Но главное искушение его жизни ещё ждало впереди… Его ждало испытание властью.
44. Покушение
В какое-то мгновение глубоко ушедший в свои размышления Пилат краем уха услышал шум, исходящий из поросли густого и довольно высокого кустарника, мимо которого они проезжали. Может быть, увидел движение в этих кустах. Трудно сказать, он и сам не успел оценить, что это было. Но долгий опыт военной жизни несомненно сказался в его реакции. Не рассуждая, он послал коня вперёд. И вовремя — позади, на уровне шеи, не защищённой панцирем, просвистела стрела. «Как в нижнегерманской армии, во время бунта»[221], — промелькнула мысль, и заныло раненное когда-то стрелой левое плечо. Он не сразу осадил коня, уйдя на расстояние, относительно недоступное стрелам; он не желал быть спиной к лучнику, искавшему его смерти. Развернув же коня, издали увидел то, от чего похолодело в груди. Ант отбивался от четверых убийц, пытавшихся сбросить его с лошади. Копьё, торчавшее из груди пятого, сделалось бесполезным для него теперь, и он разил их мечом. Левая рука и грудь его были в крови. Недалеко от кустарника, не успев подлететь к лучнику всего на несколько шагов, заливаясь кровью, лежала сука. Стрела торчала сбоку пониже спины. Она царапала землю когтями и пыталась ползти к убийце, но силы покидали её. Заливаясь негодующим лаем, наскакивая, успевая урвать куски одежды и тел, сдерживали четверых убийц два молодых кобеля, не давая пробиться к центру их вселенной — к молодому хозяину, с любовью растившему их. Банга не лаял, он сражался молча и с остервенением.

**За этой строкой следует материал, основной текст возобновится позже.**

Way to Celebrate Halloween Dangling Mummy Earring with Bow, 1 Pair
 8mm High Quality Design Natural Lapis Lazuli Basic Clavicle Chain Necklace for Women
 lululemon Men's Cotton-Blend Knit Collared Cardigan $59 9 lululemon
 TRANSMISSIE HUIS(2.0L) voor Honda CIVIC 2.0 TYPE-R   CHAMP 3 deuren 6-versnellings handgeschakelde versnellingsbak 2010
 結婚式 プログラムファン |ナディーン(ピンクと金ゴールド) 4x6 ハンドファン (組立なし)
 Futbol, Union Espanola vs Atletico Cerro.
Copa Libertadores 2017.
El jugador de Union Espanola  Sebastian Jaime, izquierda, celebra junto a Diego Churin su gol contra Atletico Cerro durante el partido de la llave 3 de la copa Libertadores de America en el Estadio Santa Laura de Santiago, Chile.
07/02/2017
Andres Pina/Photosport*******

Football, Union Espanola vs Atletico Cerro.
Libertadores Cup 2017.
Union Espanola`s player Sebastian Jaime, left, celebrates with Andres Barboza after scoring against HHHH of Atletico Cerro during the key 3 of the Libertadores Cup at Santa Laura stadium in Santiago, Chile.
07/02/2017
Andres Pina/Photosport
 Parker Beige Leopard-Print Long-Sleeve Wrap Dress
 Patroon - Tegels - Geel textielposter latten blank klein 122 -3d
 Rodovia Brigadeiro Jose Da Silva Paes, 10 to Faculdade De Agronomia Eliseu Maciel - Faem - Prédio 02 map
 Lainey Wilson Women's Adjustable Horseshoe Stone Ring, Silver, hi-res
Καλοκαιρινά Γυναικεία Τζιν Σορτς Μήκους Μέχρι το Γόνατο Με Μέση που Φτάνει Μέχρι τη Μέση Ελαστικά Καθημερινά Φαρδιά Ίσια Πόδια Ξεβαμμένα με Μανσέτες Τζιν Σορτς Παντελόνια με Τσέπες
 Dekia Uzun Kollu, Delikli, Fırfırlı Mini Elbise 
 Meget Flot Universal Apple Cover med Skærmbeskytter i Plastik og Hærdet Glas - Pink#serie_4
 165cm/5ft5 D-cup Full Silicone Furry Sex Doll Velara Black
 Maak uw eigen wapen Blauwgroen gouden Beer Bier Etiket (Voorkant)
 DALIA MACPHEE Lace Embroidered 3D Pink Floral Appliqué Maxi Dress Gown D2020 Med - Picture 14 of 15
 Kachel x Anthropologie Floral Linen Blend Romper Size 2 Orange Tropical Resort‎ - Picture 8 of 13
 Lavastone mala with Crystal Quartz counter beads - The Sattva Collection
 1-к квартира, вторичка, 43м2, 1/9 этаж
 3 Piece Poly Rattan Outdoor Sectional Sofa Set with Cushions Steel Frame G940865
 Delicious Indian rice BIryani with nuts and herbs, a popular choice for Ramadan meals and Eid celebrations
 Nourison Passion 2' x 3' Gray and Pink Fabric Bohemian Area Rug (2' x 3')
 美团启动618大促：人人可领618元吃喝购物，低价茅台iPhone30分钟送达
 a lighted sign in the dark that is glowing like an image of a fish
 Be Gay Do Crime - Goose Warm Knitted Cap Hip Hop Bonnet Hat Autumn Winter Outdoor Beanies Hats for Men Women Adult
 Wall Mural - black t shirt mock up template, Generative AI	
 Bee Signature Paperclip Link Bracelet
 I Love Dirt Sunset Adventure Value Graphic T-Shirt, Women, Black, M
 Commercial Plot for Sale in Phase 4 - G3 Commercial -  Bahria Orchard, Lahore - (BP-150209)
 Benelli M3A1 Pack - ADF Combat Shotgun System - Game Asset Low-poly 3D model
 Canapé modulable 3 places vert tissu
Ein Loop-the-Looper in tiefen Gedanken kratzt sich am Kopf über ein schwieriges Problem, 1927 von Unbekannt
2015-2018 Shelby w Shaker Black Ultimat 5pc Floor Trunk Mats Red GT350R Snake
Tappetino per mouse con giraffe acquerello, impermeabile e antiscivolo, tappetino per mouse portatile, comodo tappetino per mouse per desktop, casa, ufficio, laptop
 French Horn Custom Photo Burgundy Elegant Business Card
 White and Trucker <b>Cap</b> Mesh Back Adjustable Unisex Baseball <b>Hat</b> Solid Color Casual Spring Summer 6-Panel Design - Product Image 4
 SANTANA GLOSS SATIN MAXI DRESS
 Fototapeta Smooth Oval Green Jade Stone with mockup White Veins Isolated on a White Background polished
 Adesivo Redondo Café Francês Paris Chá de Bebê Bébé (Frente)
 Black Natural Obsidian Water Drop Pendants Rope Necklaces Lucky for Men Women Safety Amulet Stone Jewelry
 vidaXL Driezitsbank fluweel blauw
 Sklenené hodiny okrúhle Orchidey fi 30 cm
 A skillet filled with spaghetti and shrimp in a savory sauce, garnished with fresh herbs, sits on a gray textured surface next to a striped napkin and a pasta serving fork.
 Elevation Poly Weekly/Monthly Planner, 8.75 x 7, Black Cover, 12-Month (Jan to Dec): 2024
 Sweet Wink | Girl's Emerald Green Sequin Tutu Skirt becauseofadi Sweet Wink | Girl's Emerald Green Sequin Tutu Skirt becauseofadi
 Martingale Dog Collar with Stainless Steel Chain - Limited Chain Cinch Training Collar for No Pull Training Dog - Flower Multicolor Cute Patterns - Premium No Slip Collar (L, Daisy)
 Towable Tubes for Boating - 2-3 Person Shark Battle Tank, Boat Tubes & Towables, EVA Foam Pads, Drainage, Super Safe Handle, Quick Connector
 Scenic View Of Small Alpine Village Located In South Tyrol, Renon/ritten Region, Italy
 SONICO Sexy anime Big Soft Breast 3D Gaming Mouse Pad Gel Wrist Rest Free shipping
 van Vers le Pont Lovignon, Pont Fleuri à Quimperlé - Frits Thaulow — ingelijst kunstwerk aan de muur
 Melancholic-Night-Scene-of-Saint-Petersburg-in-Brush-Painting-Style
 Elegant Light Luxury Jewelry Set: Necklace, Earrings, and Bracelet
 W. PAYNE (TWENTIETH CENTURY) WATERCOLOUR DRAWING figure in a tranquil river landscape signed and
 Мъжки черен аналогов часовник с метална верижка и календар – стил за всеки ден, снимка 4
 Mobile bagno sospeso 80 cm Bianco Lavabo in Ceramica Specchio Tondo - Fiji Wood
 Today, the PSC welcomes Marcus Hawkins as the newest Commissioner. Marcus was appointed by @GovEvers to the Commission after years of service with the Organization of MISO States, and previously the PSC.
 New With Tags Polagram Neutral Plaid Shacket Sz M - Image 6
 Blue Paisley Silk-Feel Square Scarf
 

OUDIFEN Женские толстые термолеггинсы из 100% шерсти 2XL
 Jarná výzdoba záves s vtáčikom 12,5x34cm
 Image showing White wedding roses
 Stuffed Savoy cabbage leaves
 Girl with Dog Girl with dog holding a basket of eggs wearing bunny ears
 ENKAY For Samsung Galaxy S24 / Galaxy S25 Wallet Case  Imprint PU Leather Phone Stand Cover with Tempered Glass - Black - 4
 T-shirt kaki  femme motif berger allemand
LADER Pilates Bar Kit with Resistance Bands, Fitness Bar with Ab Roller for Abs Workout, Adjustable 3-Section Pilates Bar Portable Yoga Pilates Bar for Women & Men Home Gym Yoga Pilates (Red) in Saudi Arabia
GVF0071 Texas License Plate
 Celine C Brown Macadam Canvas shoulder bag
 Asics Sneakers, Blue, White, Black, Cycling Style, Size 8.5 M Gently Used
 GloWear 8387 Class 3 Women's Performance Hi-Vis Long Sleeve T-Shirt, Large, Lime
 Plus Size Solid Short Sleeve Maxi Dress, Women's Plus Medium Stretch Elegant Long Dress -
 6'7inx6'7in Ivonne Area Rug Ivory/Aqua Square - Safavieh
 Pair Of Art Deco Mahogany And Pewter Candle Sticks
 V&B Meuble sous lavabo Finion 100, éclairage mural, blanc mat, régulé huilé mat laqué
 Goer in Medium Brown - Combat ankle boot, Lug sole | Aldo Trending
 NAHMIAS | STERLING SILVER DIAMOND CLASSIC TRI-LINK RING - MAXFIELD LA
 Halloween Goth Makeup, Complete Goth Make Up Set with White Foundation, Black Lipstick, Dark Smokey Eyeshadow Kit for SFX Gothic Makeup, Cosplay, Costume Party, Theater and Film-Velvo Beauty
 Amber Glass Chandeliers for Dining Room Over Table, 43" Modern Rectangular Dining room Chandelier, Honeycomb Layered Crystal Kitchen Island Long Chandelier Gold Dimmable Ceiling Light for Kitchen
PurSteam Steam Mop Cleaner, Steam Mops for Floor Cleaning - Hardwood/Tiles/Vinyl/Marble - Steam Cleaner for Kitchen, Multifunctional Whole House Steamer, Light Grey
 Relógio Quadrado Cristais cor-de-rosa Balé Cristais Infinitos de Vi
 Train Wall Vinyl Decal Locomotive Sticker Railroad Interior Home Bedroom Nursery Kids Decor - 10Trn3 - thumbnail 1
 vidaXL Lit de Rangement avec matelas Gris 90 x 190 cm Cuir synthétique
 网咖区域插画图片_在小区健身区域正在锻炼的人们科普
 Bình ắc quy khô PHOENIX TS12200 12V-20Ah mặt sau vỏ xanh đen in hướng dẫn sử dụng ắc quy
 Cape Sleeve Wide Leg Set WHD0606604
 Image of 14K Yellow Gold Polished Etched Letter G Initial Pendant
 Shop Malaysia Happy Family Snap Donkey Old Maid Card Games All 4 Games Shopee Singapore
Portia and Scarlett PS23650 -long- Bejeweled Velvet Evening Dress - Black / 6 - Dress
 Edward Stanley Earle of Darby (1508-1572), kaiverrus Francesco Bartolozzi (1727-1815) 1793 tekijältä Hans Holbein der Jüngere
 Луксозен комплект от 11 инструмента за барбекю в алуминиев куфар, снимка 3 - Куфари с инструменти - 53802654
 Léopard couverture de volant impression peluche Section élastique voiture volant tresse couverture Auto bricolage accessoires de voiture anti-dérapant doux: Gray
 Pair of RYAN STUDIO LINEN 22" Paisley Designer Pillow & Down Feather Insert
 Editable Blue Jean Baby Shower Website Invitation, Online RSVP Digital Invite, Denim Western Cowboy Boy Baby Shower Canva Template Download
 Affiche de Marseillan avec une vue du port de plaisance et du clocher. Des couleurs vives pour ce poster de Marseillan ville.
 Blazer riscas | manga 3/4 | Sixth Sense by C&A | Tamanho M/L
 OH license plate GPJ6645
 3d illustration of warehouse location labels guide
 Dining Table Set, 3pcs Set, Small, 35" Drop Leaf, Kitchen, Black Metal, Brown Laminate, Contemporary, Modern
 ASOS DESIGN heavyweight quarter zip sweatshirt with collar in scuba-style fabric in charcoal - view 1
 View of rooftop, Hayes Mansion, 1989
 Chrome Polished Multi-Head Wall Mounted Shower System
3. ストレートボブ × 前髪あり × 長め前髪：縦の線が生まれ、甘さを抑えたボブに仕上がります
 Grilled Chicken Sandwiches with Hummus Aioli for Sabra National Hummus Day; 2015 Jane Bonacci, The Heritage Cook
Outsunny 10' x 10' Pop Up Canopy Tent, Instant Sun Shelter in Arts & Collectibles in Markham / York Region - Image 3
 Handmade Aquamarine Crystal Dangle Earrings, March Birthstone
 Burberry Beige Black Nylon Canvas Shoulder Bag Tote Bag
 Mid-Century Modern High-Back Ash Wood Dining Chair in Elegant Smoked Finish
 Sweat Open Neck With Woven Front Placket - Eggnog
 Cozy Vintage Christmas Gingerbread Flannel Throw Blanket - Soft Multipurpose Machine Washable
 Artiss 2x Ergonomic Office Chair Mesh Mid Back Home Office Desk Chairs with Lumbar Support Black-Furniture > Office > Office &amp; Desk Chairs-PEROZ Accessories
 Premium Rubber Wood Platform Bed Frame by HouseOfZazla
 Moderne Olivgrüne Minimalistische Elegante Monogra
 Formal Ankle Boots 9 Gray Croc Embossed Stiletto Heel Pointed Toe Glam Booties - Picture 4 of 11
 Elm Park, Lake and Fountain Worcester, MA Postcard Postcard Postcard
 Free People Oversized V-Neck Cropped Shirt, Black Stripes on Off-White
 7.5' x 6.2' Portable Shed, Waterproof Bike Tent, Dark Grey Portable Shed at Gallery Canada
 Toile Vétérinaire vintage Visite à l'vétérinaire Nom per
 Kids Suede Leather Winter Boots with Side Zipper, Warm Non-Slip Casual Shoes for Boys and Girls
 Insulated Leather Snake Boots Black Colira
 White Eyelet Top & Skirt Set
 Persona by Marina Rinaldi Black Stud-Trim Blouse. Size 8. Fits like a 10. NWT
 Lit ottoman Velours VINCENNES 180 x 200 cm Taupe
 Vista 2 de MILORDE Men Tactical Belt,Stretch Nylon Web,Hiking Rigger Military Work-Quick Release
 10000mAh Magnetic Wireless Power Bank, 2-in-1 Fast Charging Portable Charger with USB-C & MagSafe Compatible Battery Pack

Уже подлетая к месту сражения, Пилат с удовольствием подсчитал его вклад в общее дело: один с разорванным горлом лежал на дороге, и Банга атаковал второго. Эти двое старались обойти всю группу с фланга, а может быть, выдвинулись вослед Пилату. «А ведь эти — не с ножами, а с мечом, — успел подумать Пилат, проносясь мимо Банги. Молодняку проще, Банга выбирает соперников посложней, умница пёс!»
221
В 14 г. н. э. в Германии произошел самый крупный бунт в регулярных войсках за всю историю Римской империи. Восстание было подавлено в том же году римским военачальником Клавдием Германиком (24.05.15 г. до н. э. — 10.10.19 г. н. э.). Он отец императора Гая Юлия Цезаря (Калигулы) (правил с 18.03.37 по 24.01.41 гг. н. э.) и старший брат императора Клавдия (правил с 25.01.41 по 13.10.54 гг. н. э.).